Another challenge is what if you are buying for a business or a community group? You might register using your data, but what if you hand it to someone else? How can you be sure your data will be removed? It can be harder than you think (I write from experience).
Anderson believes that one benefit of knowing who registered a set of suspicious domains is in takedowns. He commented, “Taking down large swaths of domains tied to a single individual is much quicker when they can actually be tied to that individual and time is increasingly of the essence.”
Will cybercriminals really use their own names?
But will cybercriminals register under their own name? Unlikely. They will simply scrape data off of unprotected sites and reuse other people’s data. They will also likely register away from the EU or use overseas domain registrars to hide their identity.
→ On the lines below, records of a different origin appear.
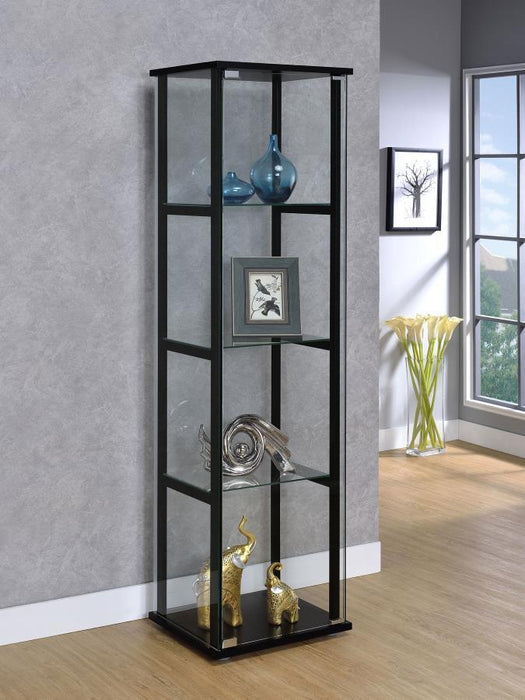 4-shelf Glass Curio Cabinet Black And Clear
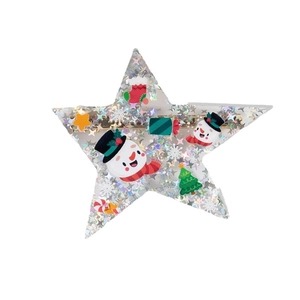 Star-shaped acrylic Christmas hair clips with colorful glitter and cartoon festive motifs
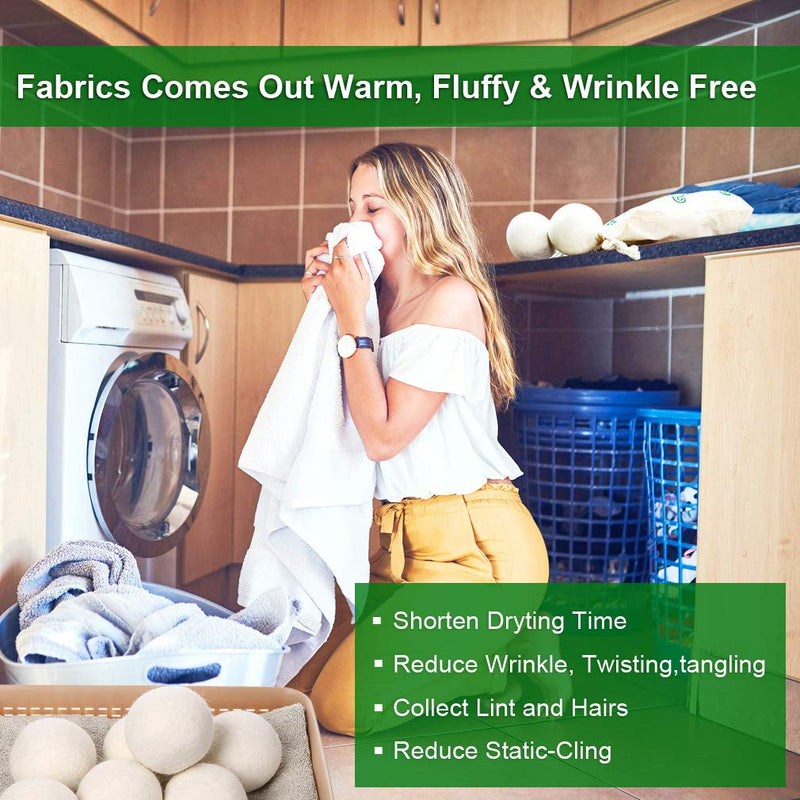 KINTOR Wool Dryer Balls XL 6 Pack 2.95", 100% New Zealand Wool Organic Fabric Softener, Hypoallergenic Baby Safe & Unscented, Chemical Free to Reduce Wrinkles & Static Cling, Shorten Drying Time White - NewNest Australia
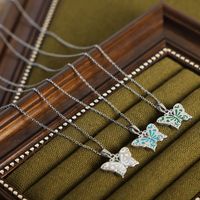 Einfacher Stil Schmetterling Titan Stahl Emaille Überzug 18 Karat Vergoldet Halskette Mit Anhänger main image 8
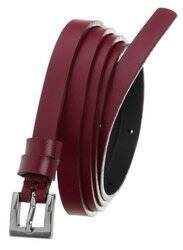 Damen Gürtel schmal mit silberner Metallschnalle, klassisch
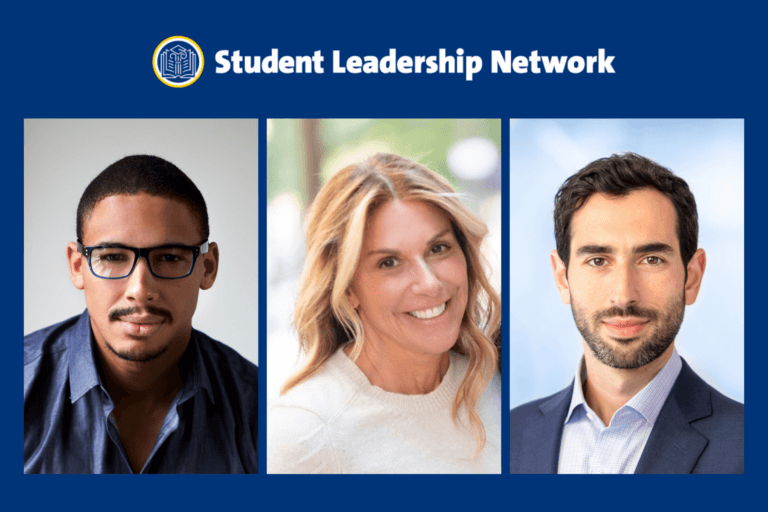Photo of a woman and two men who are the new board members. SL Network logo is on top.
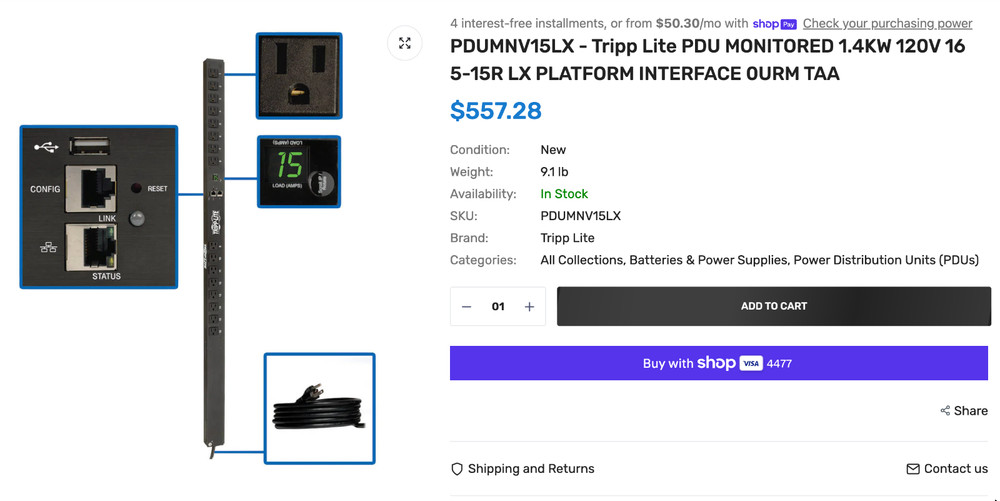 Tripp Lite PDUMNV15LX Power Distribution Unit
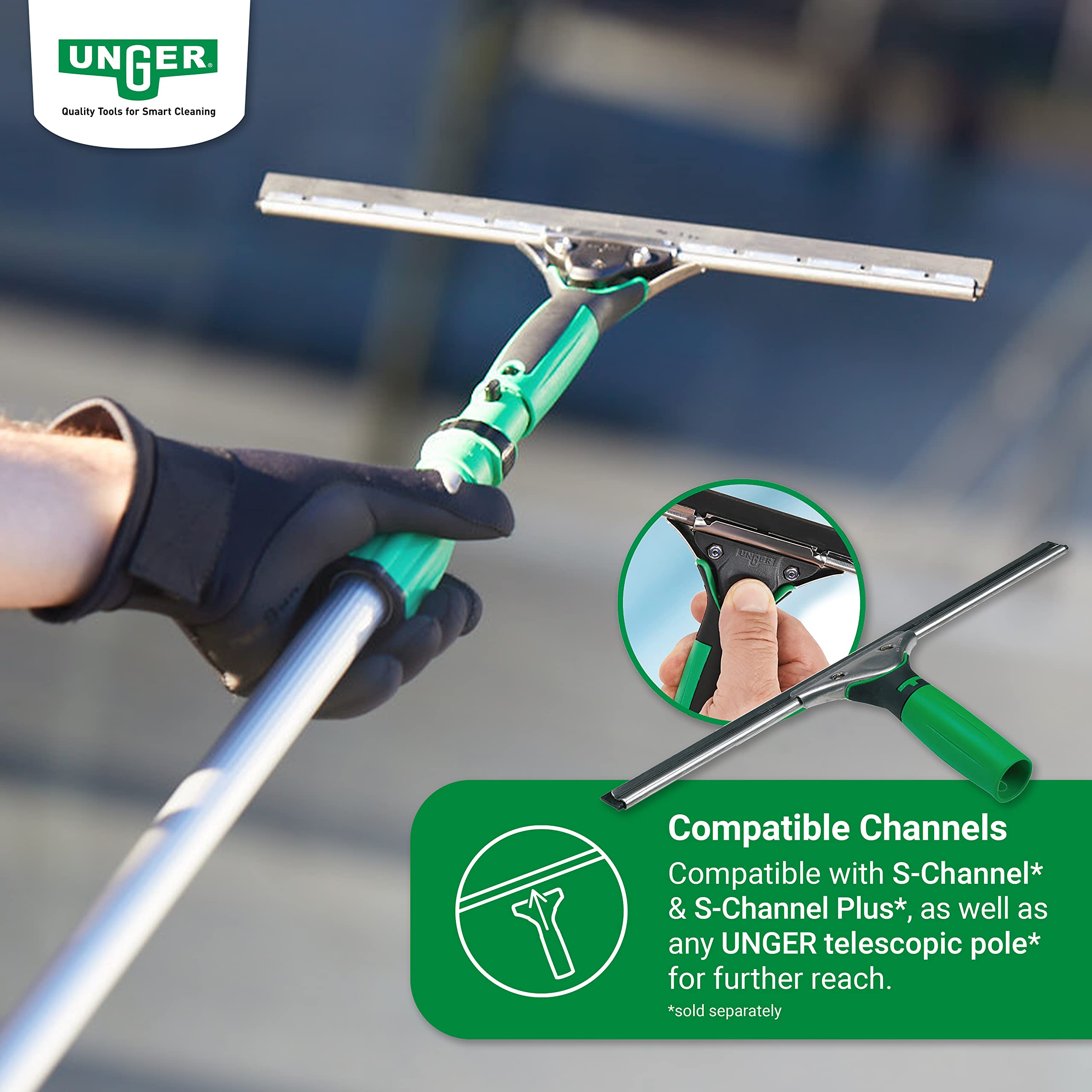 Unger ErgoTec Window Squeegee 79001 - 45cm Stainless Steel Channel | Ergonomic Grip 4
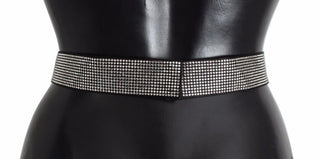 Dolce &amp; Gabbana Black Silk Crystal Bow Waist Belt Elegance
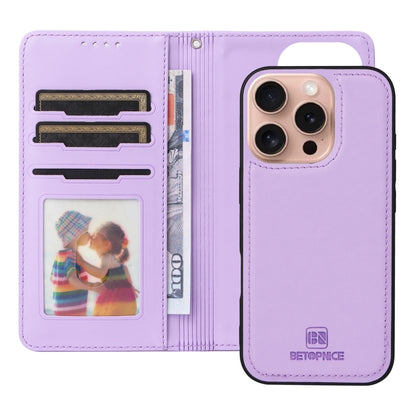 For iPhone 16 Pro Max BETOPNICE BN-005 2 in 1 Detachable Imitate Genuine Leather Phone Case(Light Purple) - iPhone 16 Pro Max Cases by BETOPNICE | Online Shopping South Africa | PMC Jewellery | Buy Now Pay Later Mobicred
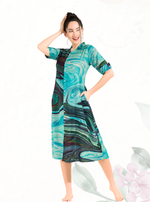 MANGAI Premium Rayon Collar MAXI Nighty for Women | Long Sleeve Stylish Nightwear for Women and Teenager | Perfect Stylish Nightwear (CM)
Anderson has a response to that. He said, “For those that say this doesn’t matter because cybercriminals will just hide behind corporations or registrars in other countries: yes, that is the point. Defensive work is never about eliminating the threats, it’s about making it so expensive that the threat cannot operate. This raises the bar and makes it expensive for easy cyber criminality like business email compromise (BEC) and credential phishing campaigns. Additionally this reduces the attacking area left to monitor as it reduces the number of registrars that attackers can use.”
Enterprise Times: What does this mean?
What level of impact will this have on domain registration? That is a hard question to answer at this early stage. If it reduces the automated mechanisms that cybercriminals use to register new domains constantly, it will disrupt their activity. That is a good thing. As Anderson says: “These are all wins in the defensive playbook. No, crime won’t stop, but yes it will require a more sophisticated attacker and remove the run-of-the-mill non-technical cybercrime that is pervasive today.”
But, it will only work if national governments adjust their laws and enforce action against all registrars. Simply introducing a new directive won’t make this go away. Legislation is a blunt and painfully slow tool to deal with this issue. By the time any laws are passed, the cybercriminals will have moved on and found ways around this.
Additionally, registrars will want to know what this means for their business model. At the moment, none of the four registrars that Enterprise Times contacted were able to comment. None of them, as yet it seems, has read the directive, so they rightly said they couldn’t comment. The costs of gathering, verifying and storing data will need to be calculated, especially if it means employing more people or waiting for governments to implement new systems.